Majid's Research: July 2014

As I've discovered, Hadoop is not easy to setup let alone compile properly. For some reason the Apache Hadoop distribution doesn't include native libraries for 64-bit Linux. Furthermore, the included 32-bit native library does not include the Snappy compression algorithm. If Hadoop does not find these libraries in native form, it falls back to, I guess, slow or slower java implementations.

So, being the execution speed demon that I am, I went ahead and compiled Hadoop 2.4.1 from source on 64-bit Linux. It was a rough ride!

I generally followed this guide but preferring to download and compile Snappy from source, and yum installing java-1.7.0-openjdk-devel(1). I Used RHEL7 64-bit(2).
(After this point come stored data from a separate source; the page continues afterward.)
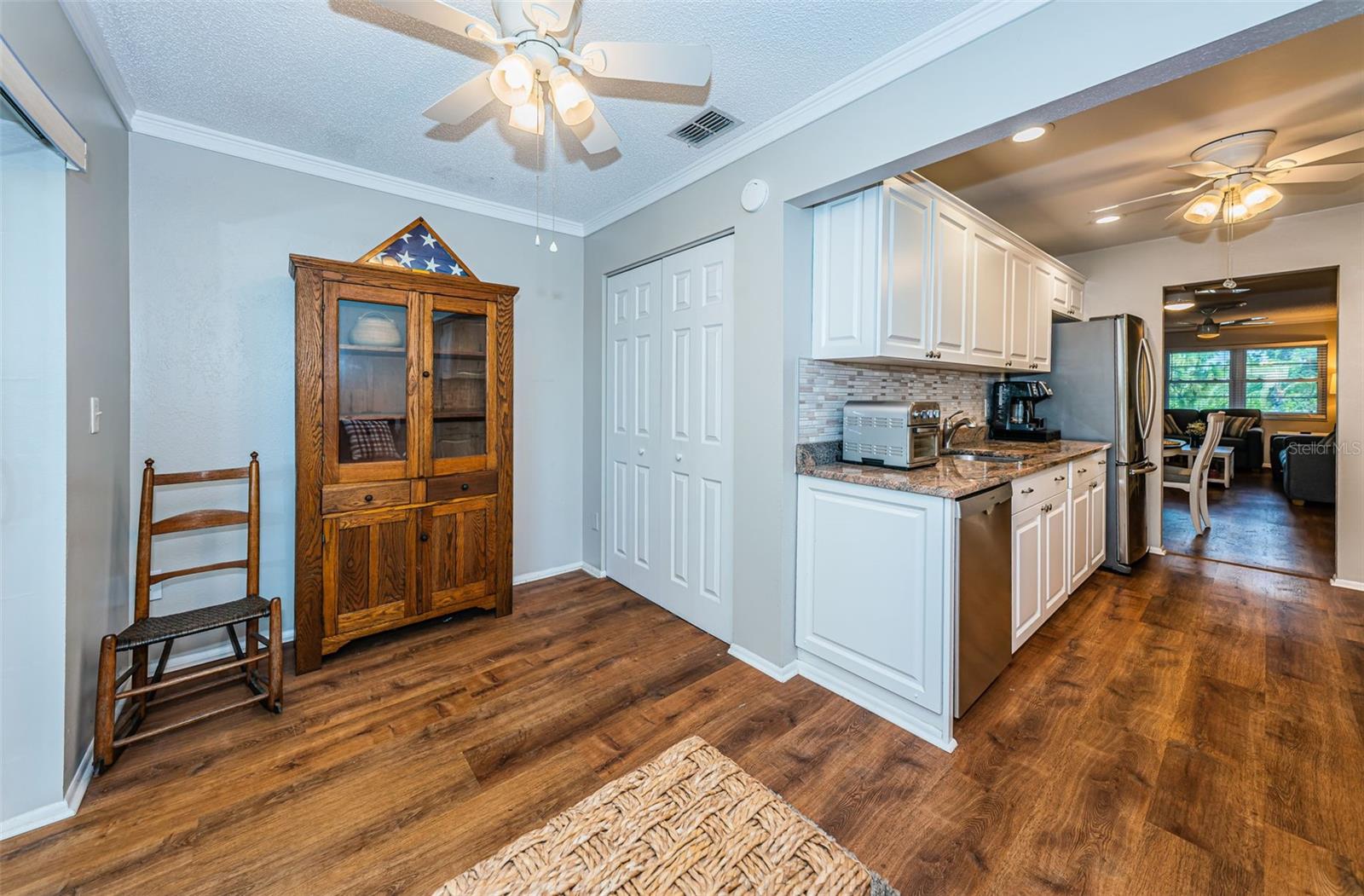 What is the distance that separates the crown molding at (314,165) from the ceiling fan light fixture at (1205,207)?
3826 mm

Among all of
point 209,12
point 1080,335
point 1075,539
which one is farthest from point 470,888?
point 1080,335

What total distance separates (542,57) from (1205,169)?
340 cm

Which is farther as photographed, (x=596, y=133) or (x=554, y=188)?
(x=554, y=188)

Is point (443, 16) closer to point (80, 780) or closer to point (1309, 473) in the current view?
point (80, 780)

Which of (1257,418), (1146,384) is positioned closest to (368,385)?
(1146,384)

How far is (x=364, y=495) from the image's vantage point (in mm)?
2510

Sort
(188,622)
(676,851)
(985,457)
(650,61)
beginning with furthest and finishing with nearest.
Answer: (985,457) < (188,622) < (650,61) < (676,851)

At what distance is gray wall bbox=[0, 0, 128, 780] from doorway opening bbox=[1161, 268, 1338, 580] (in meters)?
5.86

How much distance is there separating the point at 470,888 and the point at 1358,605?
501cm

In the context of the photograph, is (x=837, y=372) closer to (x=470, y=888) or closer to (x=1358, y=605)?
(x=470, y=888)

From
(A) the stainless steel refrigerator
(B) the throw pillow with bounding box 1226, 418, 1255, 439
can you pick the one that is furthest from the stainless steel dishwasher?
(B) the throw pillow with bounding box 1226, 418, 1255, 439

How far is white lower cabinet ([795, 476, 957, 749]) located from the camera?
6.35ft

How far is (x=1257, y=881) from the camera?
1.37m

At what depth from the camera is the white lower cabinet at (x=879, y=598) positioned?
1.93 meters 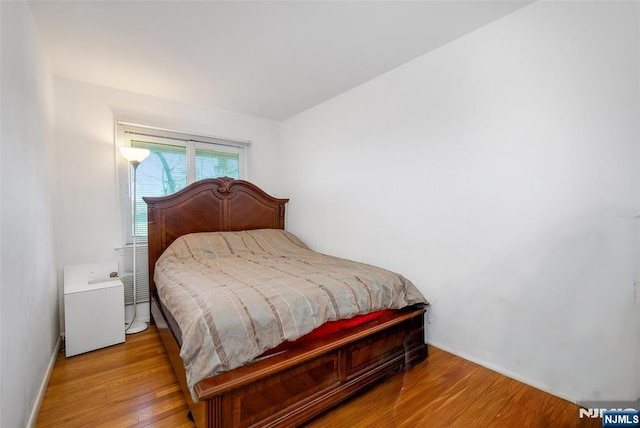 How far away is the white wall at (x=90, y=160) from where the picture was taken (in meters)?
2.60

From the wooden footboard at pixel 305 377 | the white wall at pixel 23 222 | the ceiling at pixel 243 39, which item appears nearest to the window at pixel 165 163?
the ceiling at pixel 243 39

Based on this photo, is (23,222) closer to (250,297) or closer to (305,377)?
(250,297)

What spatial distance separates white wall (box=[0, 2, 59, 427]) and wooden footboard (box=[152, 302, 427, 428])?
26.6 inches

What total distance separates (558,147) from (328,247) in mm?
2219

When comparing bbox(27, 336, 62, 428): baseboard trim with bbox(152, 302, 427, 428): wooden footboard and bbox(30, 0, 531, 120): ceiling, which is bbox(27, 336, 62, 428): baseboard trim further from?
bbox(30, 0, 531, 120): ceiling

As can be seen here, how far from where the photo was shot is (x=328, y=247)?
3312mm

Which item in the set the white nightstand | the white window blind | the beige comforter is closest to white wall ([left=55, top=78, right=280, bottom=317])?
the white window blind

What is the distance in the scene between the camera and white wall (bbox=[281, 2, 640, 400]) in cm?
152

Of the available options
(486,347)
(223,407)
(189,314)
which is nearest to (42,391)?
(189,314)

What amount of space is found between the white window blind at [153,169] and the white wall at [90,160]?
0.08m

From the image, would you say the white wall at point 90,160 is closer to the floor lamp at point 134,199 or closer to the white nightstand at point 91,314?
the floor lamp at point 134,199

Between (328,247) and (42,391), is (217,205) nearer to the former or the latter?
(328,247)

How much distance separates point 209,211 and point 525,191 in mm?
2927

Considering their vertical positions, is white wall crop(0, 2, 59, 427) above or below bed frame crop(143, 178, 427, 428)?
above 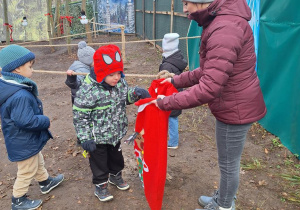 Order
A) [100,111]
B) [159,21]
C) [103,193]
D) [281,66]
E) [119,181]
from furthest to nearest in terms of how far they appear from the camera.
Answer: [159,21], [281,66], [119,181], [103,193], [100,111]

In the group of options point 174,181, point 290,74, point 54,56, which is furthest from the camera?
point 54,56

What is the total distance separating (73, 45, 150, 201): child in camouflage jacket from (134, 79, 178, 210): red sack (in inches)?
10.1

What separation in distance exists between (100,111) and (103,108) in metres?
0.04

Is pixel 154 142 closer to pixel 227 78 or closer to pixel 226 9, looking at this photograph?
pixel 227 78

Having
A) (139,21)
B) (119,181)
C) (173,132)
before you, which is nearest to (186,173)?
(173,132)

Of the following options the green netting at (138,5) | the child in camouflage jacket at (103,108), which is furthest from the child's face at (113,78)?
the green netting at (138,5)

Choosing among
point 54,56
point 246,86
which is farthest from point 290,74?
point 54,56

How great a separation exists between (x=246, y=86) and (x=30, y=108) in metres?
2.08

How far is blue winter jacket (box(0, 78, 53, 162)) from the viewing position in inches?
102

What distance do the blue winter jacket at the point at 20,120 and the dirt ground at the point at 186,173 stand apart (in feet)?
2.72

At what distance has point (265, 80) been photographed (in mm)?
4480

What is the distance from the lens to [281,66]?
4059 millimetres

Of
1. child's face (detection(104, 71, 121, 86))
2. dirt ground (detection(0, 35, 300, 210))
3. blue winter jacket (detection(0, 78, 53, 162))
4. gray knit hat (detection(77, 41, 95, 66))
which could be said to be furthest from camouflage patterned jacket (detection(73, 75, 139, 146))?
gray knit hat (detection(77, 41, 95, 66))

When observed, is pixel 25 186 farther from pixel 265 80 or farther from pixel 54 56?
pixel 54 56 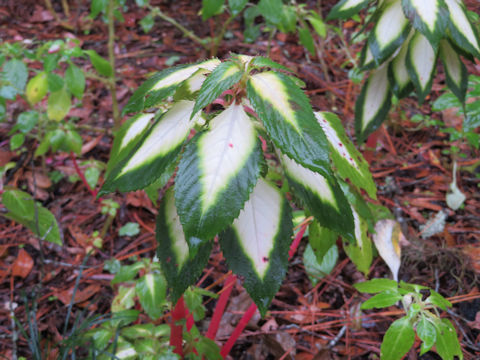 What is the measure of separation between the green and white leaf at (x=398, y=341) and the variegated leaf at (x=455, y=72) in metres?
0.77

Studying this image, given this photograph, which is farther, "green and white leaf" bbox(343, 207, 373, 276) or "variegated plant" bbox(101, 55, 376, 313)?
"green and white leaf" bbox(343, 207, 373, 276)

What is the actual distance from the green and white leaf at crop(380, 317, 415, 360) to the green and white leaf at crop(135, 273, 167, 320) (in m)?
0.48

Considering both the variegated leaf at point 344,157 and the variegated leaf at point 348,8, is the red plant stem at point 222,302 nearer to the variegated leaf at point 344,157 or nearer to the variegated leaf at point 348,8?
the variegated leaf at point 344,157

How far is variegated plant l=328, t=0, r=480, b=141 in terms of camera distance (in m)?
0.98

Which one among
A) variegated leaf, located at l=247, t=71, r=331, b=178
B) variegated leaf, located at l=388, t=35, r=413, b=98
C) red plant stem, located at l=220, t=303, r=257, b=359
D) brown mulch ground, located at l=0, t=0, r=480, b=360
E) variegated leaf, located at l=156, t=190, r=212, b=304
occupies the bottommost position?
brown mulch ground, located at l=0, t=0, r=480, b=360

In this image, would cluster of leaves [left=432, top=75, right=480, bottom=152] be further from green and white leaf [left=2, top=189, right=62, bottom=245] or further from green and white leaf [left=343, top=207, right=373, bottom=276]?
green and white leaf [left=2, top=189, right=62, bottom=245]

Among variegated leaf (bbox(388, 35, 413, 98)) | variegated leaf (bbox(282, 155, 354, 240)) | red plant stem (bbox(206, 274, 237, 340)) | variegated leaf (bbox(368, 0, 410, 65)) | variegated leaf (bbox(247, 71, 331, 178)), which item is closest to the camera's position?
variegated leaf (bbox(247, 71, 331, 178))

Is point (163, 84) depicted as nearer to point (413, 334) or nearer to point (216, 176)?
point (216, 176)

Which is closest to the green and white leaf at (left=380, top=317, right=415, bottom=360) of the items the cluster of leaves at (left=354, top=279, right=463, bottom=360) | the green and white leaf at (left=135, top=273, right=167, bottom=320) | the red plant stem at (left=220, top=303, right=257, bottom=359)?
the cluster of leaves at (left=354, top=279, right=463, bottom=360)

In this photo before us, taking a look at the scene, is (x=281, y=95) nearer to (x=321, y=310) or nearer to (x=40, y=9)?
(x=321, y=310)

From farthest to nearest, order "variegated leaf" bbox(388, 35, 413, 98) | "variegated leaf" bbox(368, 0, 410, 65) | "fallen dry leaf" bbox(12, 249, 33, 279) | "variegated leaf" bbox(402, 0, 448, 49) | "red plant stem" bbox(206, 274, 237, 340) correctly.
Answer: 1. "fallen dry leaf" bbox(12, 249, 33, 279)
2. "variegated leaf" bbox(388, 35, 413, 98)
3. "variegated leaf" bbox(368, 0, 410, 65)
4. "variegated leaf" bbox(402, 0, 448, 49)
5. "red plant stem" bbox(206, 274, 237, 340)

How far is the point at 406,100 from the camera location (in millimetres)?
1975

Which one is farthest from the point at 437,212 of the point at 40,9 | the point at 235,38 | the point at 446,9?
the point at 40,9

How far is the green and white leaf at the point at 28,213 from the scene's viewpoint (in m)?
1.12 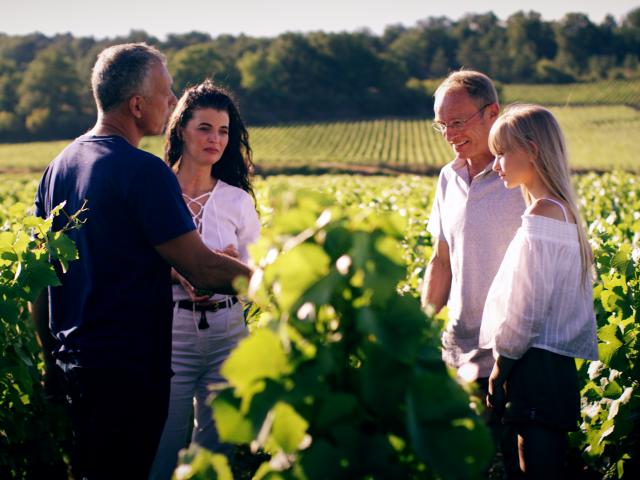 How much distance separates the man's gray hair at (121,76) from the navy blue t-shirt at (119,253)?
0.60ft

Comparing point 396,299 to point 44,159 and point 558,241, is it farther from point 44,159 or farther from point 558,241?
point 44,159

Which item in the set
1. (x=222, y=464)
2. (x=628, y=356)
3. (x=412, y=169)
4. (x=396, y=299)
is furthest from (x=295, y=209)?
(x=412, y=169)

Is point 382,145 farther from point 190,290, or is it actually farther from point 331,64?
point 190,290

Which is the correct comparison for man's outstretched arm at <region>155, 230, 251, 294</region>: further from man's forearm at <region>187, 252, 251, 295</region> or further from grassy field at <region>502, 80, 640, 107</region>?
grassy field at <region>502, 80, 640, 107</region>

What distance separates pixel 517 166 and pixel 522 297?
0.50 m

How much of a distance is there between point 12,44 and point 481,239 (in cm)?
12427

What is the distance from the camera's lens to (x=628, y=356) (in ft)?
10.8

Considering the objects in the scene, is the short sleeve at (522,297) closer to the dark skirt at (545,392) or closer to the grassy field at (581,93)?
the dark skirt at (545,392)

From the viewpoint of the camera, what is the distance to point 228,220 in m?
3.11

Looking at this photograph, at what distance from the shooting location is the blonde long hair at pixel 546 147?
2.38 metres

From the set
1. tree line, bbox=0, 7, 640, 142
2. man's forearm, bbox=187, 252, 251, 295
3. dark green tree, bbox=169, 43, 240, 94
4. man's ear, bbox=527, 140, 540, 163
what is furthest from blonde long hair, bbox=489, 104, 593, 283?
dark green tree, bbox=169, 43, 240, 94

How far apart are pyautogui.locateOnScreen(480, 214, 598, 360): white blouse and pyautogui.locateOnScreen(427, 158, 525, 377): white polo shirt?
13.9 inches

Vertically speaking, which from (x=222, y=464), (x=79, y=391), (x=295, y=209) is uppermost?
(x=295, y=209)

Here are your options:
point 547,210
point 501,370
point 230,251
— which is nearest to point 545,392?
point 501,370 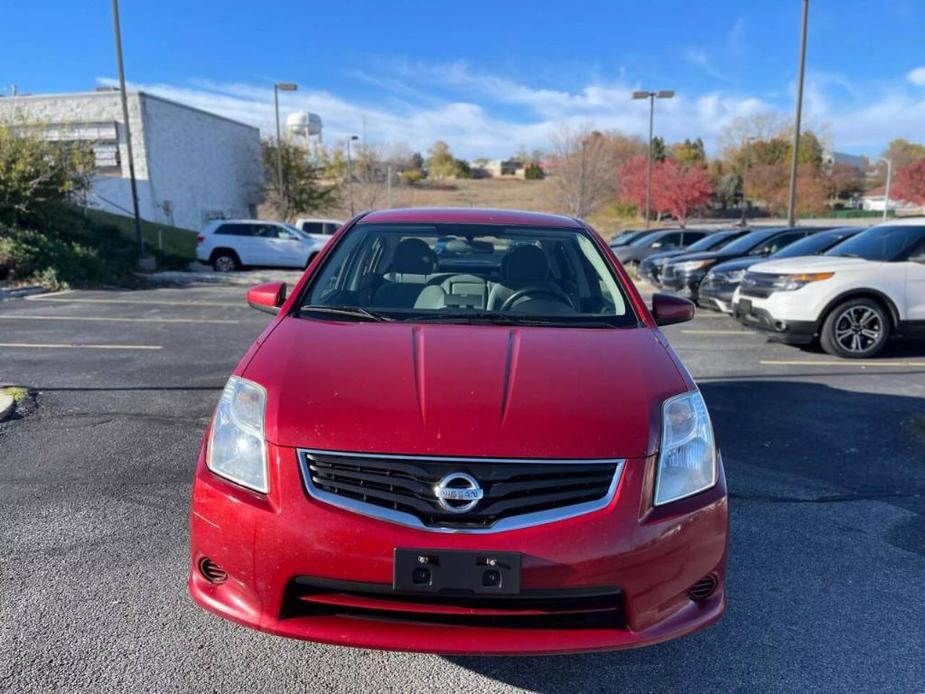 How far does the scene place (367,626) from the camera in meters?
2.11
After getting the prerequisites, the magic command to compile is:

mvn clean install -Pdist,native,src -DskipTests -Dtar -Dmaven.javadoc.skip=true -Drequire.snappy -Dcompile.native=true (3)

You'll find the binaries in <your hadoop src>/hadoop-dist/target. I checked access to native libraries by issuing hadoop checknative after exporting the appropriate environment variables (such as in .bashrc. Refer to a Hadoop setup guide).

Non-obvious solutions to difficulties:
(1). yum install java-1.7.0-openjdk won't do! yea openjD(evelopment)k-devel makes sense!
(2). Gave up with Ubuntu
(3). -Dcompile.native=true was responsible for including the native calls to snappy in libhadoop.so. I did not see this in any guide on building Hadoop! Also, my compile process ran out of memory making javadocs, so I skipped it with -Dmaven.javadoc.skip=true

On a personal note, I really got frustrated with trying different things out but I had a sense of satisfaction in the end. It took me 4 days to figure out the issues and I know a thing or two about Linux!
xkcd

One-sentence summary for the window shoppers: The mathematically-trained need to implement sophistication in their code to improve their programming skill (level).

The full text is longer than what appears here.